Task description:
Restate every record exactly as it is written, while omitting the pictures it holds.

-- Supplied material follows --

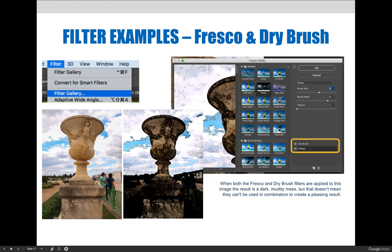Whitney and I have put together a few examples to demonstrate some of the vast possibilities of what filters can be used to create in Photoshop. This first example is a combo application of the Drybrush and Fresco filters. Both can be found in the filter gallery.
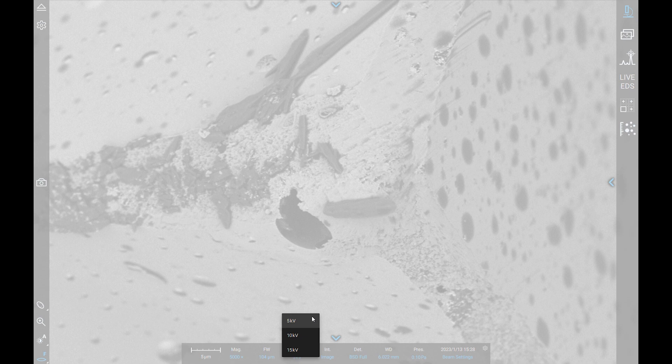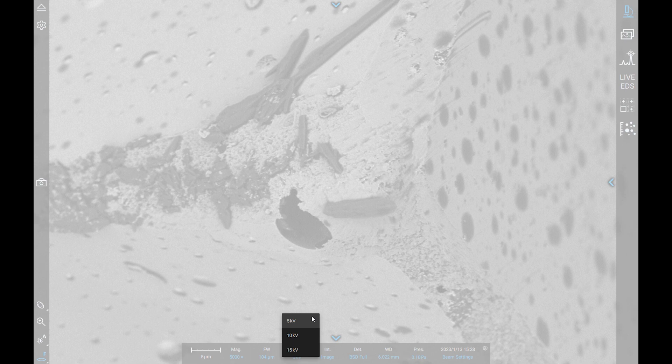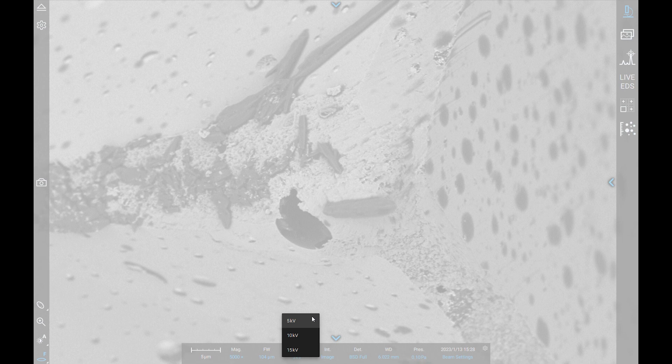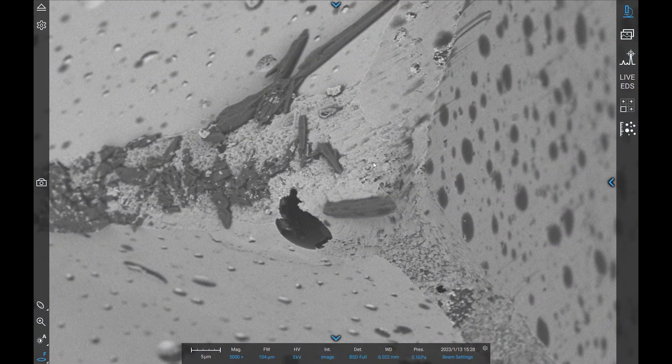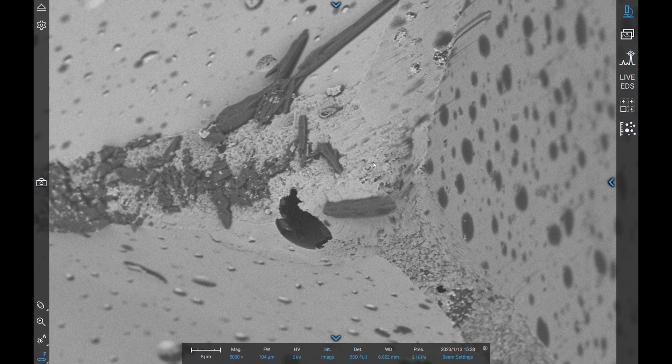5 kV is the lowest standard accelerating voltage. 5 kV does not penetrate deeply into the sample surface, so it provides great surficial information. 5 kV is great for imaging delicate samples or the shallow surface of samples, much like this piece of sandpaper.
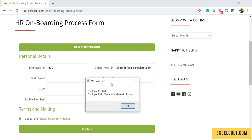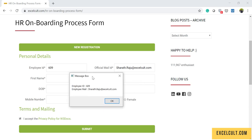We have got the details that have been generated in the message box. Let's see how to implement it step by step.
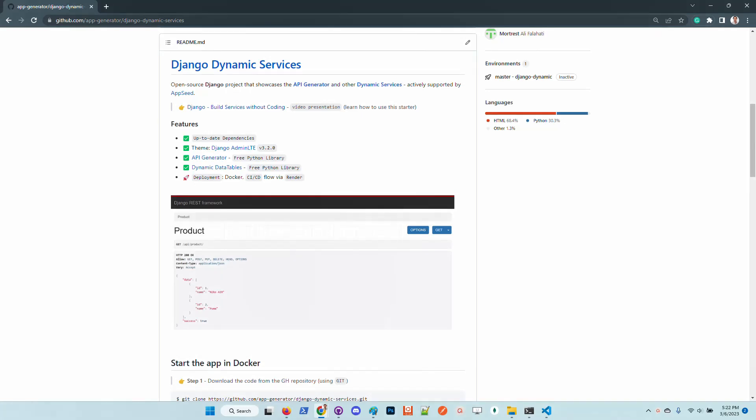Hello guys, Adrian here from AppSeed. In this super short video I want to say a few words about the latest features of this experimental starter that showcases how to generate and build dynamic services in Django without much coding.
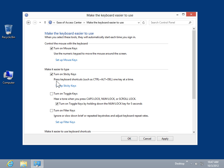To display alerts each time the user presses Caps Lock, Num Lock, or Scroll Lock, select the Turn on Toggle Keys checkbox.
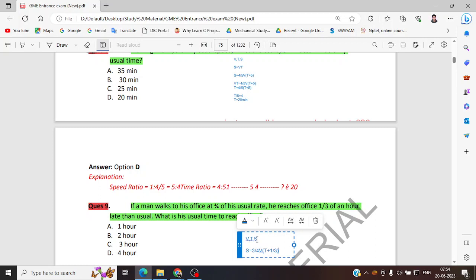So one by three of T equals the late time. They have given one by three of an hour, so we can directly take what is one by three of an hour — that will be 20 minutes. The answer will come in 20 minutes if we do one by three of the usual time.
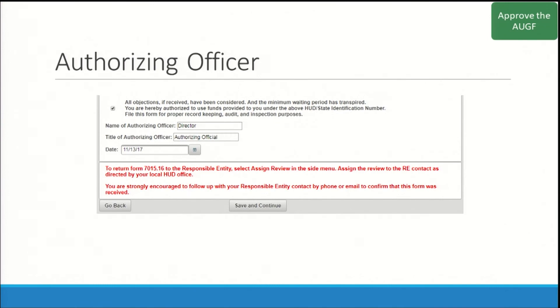The approver should only approve the 7015-16 after the objection period has expired. For the person approving the 7015-16, you will use the link in the email to access HEROES and locate the review. On the bottom of the 7015-16 screen, you will select that all objections have been considered. You will enter your name and title and enter the date the 7015-16 is approved. Finally, you will select 'Save and Continue' to save the screen.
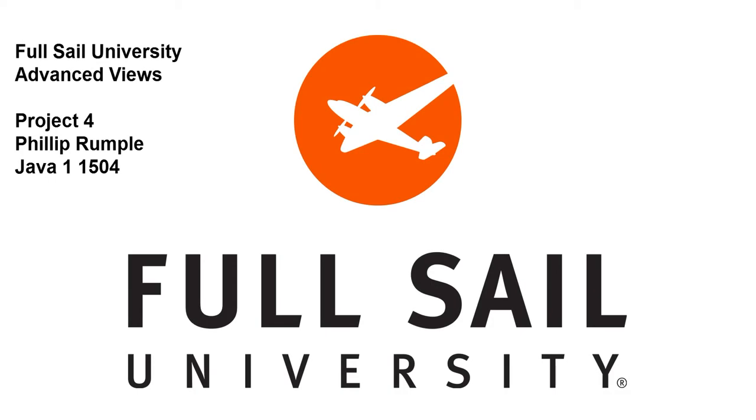Hello everybody, this is Philip from Java 1.1504. This is our week 4 project video, the connected application.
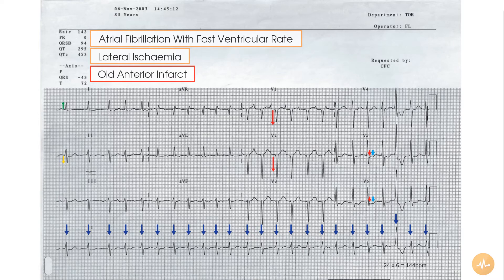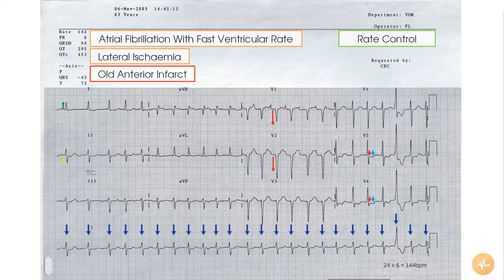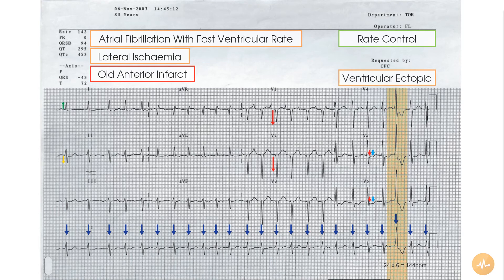Gaining rate control of the tachycardia would be the first step in managing this patient's compromise. Of both insignificant and incidental note is the presence of a ventricular ectopic towards the end of the recording. Thank you.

-- Supplied material concluded --

Exercise output:
Whitney and I have put together a few examples to demonstrate some of the vast possibilities of what filters can be used to create in Photoshop. This first example is a combo application of the Drybrush and Fresco filters. Both can be found in the filter gallery.
5 kV is the lowest standard accelerating voltage. 5 kV does not penetrate deeply into the sample surface, so it provides great surficial information. 5 kV is great for imaging delicate samples or the shallow surface of samples, much like this piece of sandpaper.
We have got the details that have been generated in the message box. Let's see how to implement it step by step.
Hello guys, Adrian here from AppSeed. In this super short video I want to say a few words about the latest features of this experimental starter that showcases how to generate and build dynamic services in Django without much coding.
To display alerts each time the user presses Caps Lock, Num Lock, or Scroll Lock, select the Turn on Toggle Keys checkbox.
So one by three of T equals the late time. They have given one by three of an hour, so we can directly take what is one by three of an hour — that will be 20 minutes. The answer will come in 20 minutes if we do one by three of the usual time.
The approver should only approve the 7015-16 after the objection period has expired. For the person approving the 7015-16, you will use the link in the email to access HEROES and locate the review. On the bottom of the 7015-16 screen, you will select that all objections have been considered. You will enter your name and title and enter the date the 7015-16 is approved. Finally, you will select 'Save and Continue' to save the screen.
Hello everybody, this is Philip from Java 1.1504. This is our week 4 project video, the connected application.
Gaining rate control of the tachycardia would be the first step in managing this patient's compromise. Of both insignificant and incidental note is the presence of a ventricular ectopic towards the end of the recording. Thank you.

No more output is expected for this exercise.